Getting Started with Data Visualization: Building a JavaScript Scatter Plot Module

Written by wayde-herman | Published 2020/04/19
Tech Story Tags: javascript | data-visualization | web-development | data-analysis | big-data | hackernoon-top-story | charts | datasets

TLDR Scatter plots are one of the most commonly used data visualization techniques. These charts let you investigate the relationship between two variables, detect outliers in the data set as well as detect trends. To help you learn more about building scatter plots I will be using the Cat vs Dog Popularity in US dataset. This dataset contains the percentage of homes with dogs and cats for each US state. To make this tutorial easier to follow I’ve done all the pre-processing required (renamed columns and dropped unused columns) and made the resulting CSV available for download: here.via the TL;DR App

Scatter plots are a great way to visualize data. Data is represented as points on a Cartesian plane where the x and y coordinate of each point represents a variable. These charts let you investigate the relationship between two variables, detect outliers in the data set as well as detect trends.

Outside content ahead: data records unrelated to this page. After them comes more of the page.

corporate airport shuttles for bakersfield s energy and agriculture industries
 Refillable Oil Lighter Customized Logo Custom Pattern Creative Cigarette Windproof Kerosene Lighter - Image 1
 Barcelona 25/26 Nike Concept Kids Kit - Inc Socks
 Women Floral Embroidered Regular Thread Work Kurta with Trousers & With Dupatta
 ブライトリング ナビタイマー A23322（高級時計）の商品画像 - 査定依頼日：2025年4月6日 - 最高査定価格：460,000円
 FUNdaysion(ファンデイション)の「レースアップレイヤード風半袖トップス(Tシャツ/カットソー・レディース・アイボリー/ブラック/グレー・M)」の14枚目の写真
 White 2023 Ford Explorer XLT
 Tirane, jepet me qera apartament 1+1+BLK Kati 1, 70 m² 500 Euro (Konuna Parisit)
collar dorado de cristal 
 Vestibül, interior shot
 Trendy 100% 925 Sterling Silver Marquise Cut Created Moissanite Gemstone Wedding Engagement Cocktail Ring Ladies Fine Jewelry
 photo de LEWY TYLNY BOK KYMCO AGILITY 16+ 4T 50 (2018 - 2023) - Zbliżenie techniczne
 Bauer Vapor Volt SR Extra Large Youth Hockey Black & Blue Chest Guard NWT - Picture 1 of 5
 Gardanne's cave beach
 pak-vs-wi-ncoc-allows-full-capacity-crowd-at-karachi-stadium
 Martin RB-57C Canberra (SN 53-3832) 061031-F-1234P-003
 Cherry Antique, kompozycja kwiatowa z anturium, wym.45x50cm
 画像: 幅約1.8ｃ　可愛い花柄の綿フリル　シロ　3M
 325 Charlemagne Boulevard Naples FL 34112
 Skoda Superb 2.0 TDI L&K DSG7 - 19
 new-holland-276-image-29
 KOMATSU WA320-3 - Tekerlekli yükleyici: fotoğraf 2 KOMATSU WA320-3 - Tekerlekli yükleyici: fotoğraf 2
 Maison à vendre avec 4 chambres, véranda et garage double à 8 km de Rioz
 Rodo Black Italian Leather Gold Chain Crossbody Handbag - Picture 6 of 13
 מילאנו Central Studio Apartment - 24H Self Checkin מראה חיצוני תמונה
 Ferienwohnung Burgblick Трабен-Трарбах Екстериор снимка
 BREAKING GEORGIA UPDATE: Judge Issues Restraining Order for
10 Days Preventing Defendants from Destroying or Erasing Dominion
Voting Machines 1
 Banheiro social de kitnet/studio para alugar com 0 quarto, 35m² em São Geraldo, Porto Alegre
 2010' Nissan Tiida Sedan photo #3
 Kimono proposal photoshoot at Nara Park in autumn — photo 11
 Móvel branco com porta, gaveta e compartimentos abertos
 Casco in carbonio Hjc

They are one of the most commonly used data visualization techniques and are a must have for your data visualization arsenal!
In this tutorial, I will teach you how to build your very own interactive scatter plot charts using JavaScript. 
Ever wondered whether the population of the United States of America were dog people? Well, you’re about to find out! To help you learn more about building scatter plots I will be using the Cat vs Dog Popularity in US dataset. This dataset contains the percentage of homes with dogs and cats for each US state. 

Building a JavaScript scatter plot

Building data visualizations can often be an overcomplicated endeavour (just ask anyone who uses Matplotlib), but if you use the right tools it can be quick and painless! There are many JavaScript libraries out there which can help you do this, they each have their own advantages, disadvantages and choosing the right one really depends on your use case and coding ability.

For this tutorial I have chosen to use AnyChart JavaScript library. I think AnyChart is perfect for newcomers to data visualizations and is good for both newbies to more intermediate coders. It's really easy to get something up quickly and with little coding knowledge, however there is also a lot of room for customization. Plus, their documentation really holds your hand through the entire process.

1. Create an HTML page

The first thing I need to do is set up my html page.
<!DOCTYPE html>
      <html>
        <head>
          <title>JavaScript Scatter Chart</title>
        </head>
        <body>
          <div id="container" style="width: 100%; height: 500px"></div>
          <script>
              // code for chart goes here.
          </script>
        </body>
      </html>
I create a blank page and then include a div element for the chart. I give this div the id 'container' so I can easily reference it later. I also include style properties to ensure the div fills the entire page. (You can easily change this to suit your own use case).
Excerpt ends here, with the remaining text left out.